Exercise details =
Output exactly the lines below, starting with the line that has "Lino hare mushroom" and going on through the line that has "Marantz NR1501 7.1", both included, and no other lines.
*** Material provided ***
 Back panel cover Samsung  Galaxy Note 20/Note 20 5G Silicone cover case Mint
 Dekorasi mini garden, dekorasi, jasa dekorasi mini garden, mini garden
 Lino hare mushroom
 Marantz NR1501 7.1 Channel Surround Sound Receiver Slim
***
*** Material provided ***
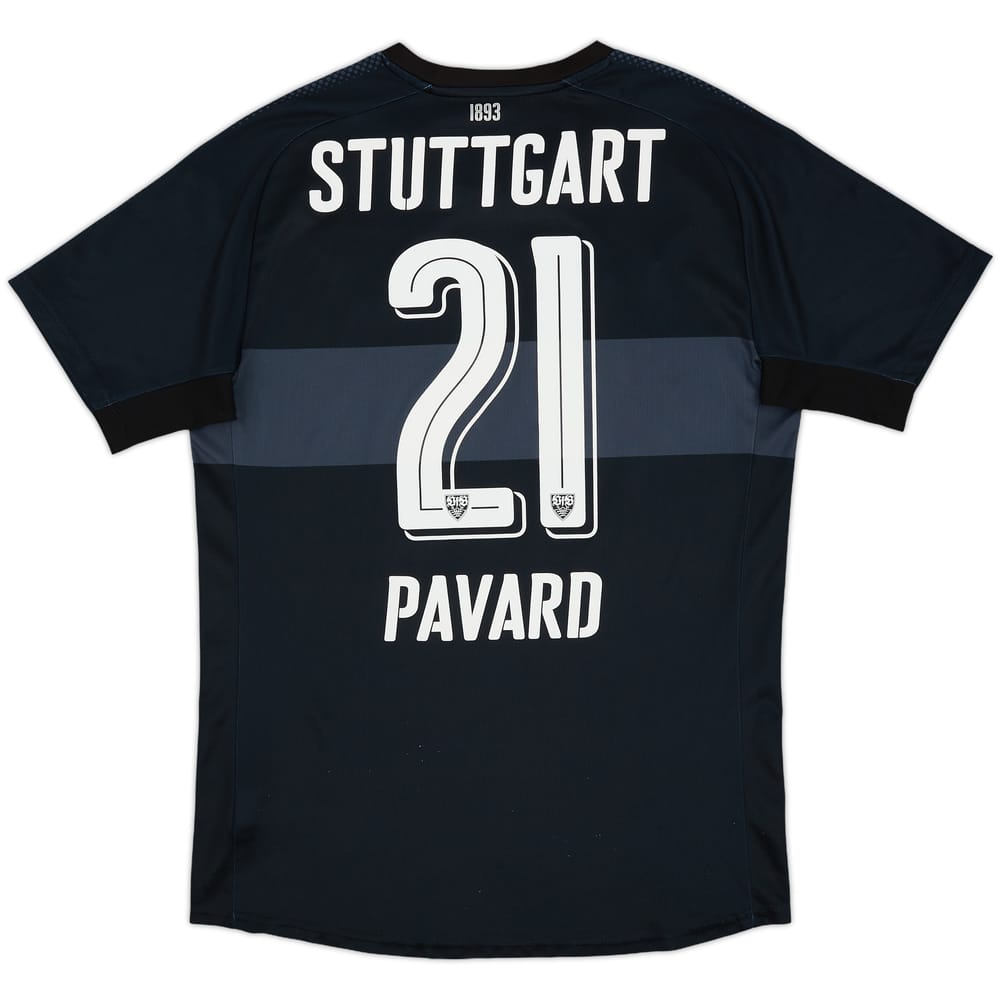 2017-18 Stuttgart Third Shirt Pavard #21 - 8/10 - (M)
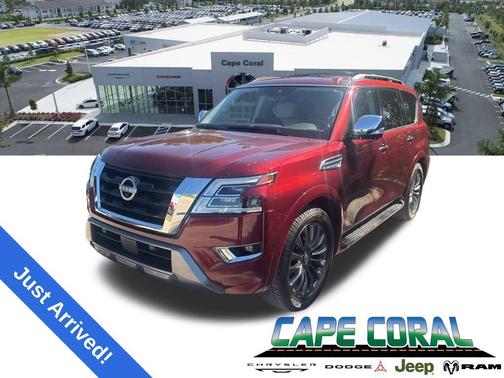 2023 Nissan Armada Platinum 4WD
***
*** Material provided ***
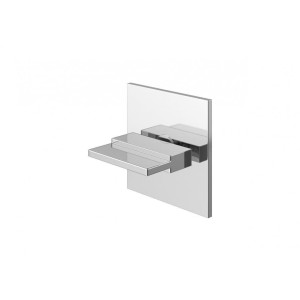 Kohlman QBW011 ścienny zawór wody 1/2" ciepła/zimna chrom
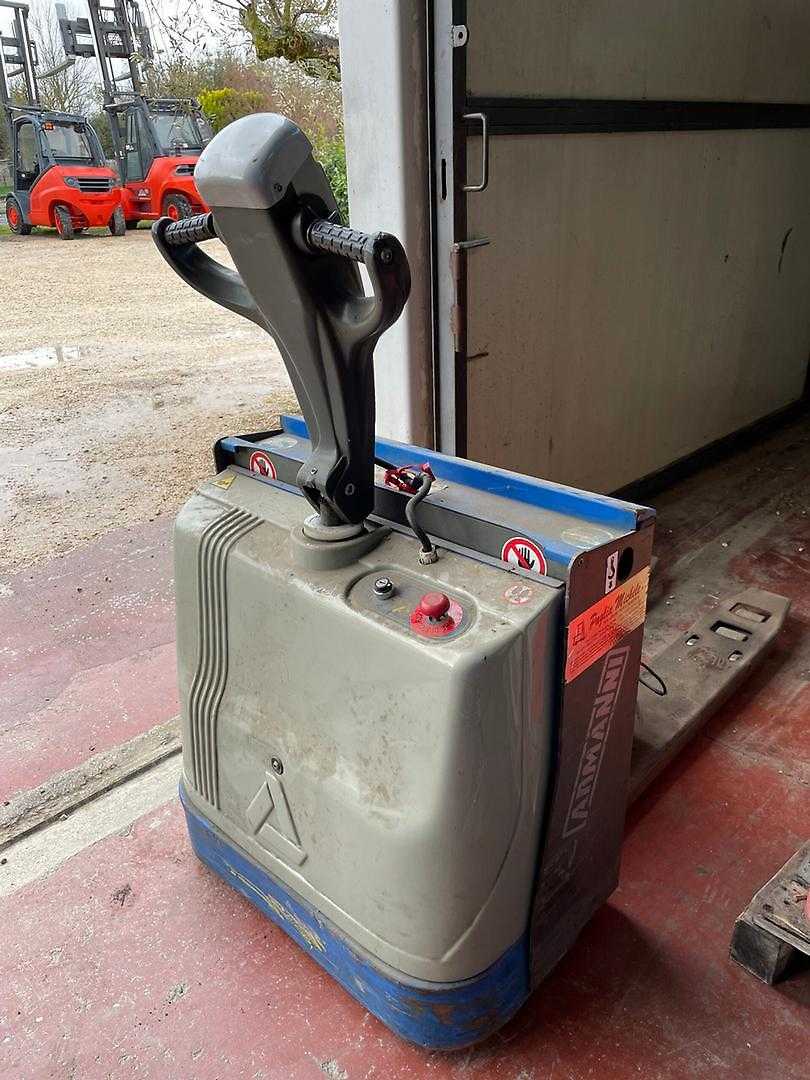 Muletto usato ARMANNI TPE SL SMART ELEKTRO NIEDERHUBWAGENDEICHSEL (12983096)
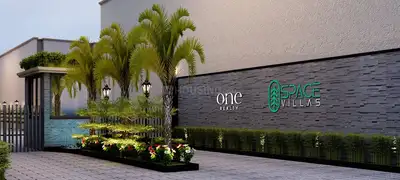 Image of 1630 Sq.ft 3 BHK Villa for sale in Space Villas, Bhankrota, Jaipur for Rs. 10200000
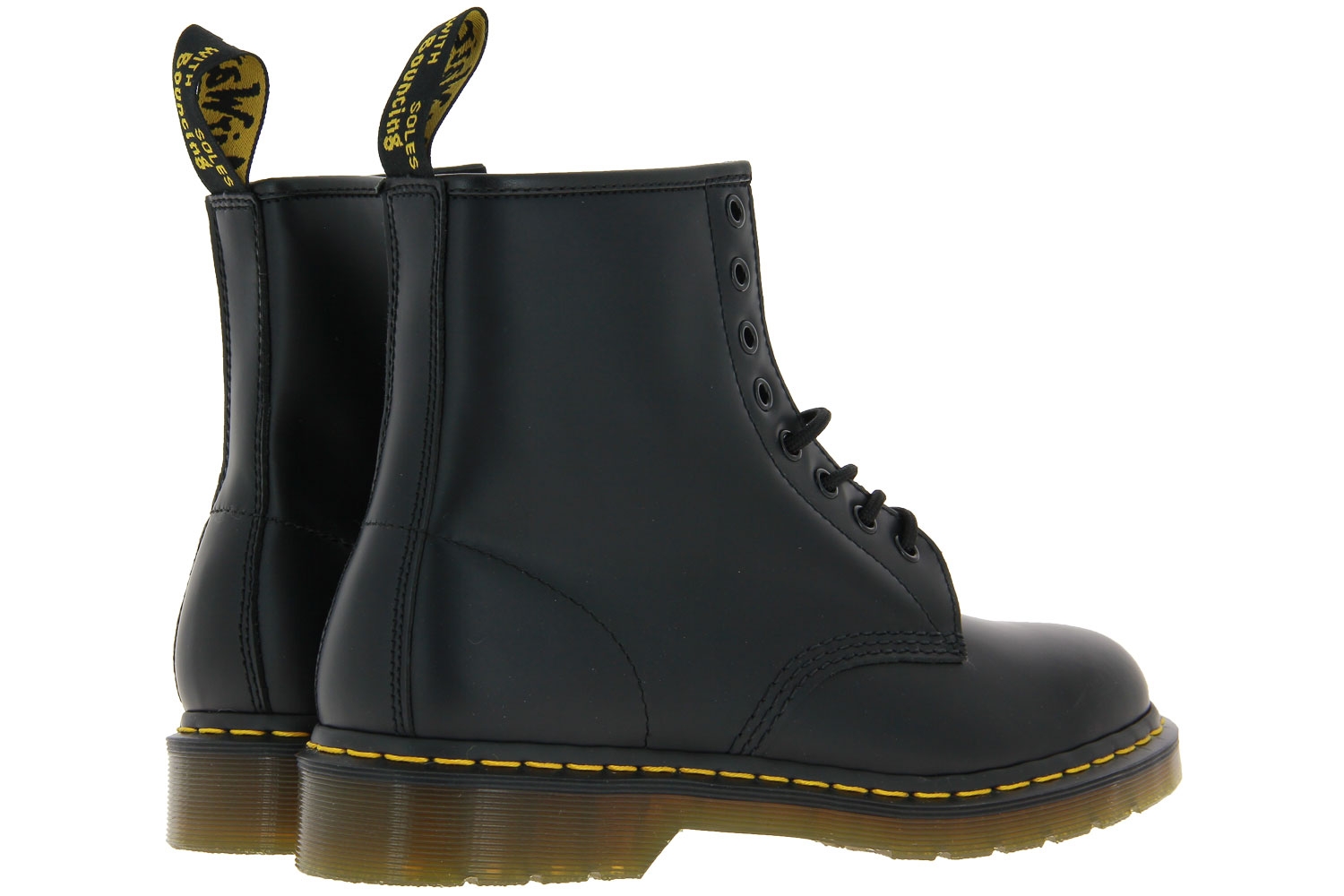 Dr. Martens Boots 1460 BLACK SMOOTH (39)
***
Written answer =
 Lino hare mushroom
 Marantz NR1501 7.1 Channel Surround Sound Receiver Slim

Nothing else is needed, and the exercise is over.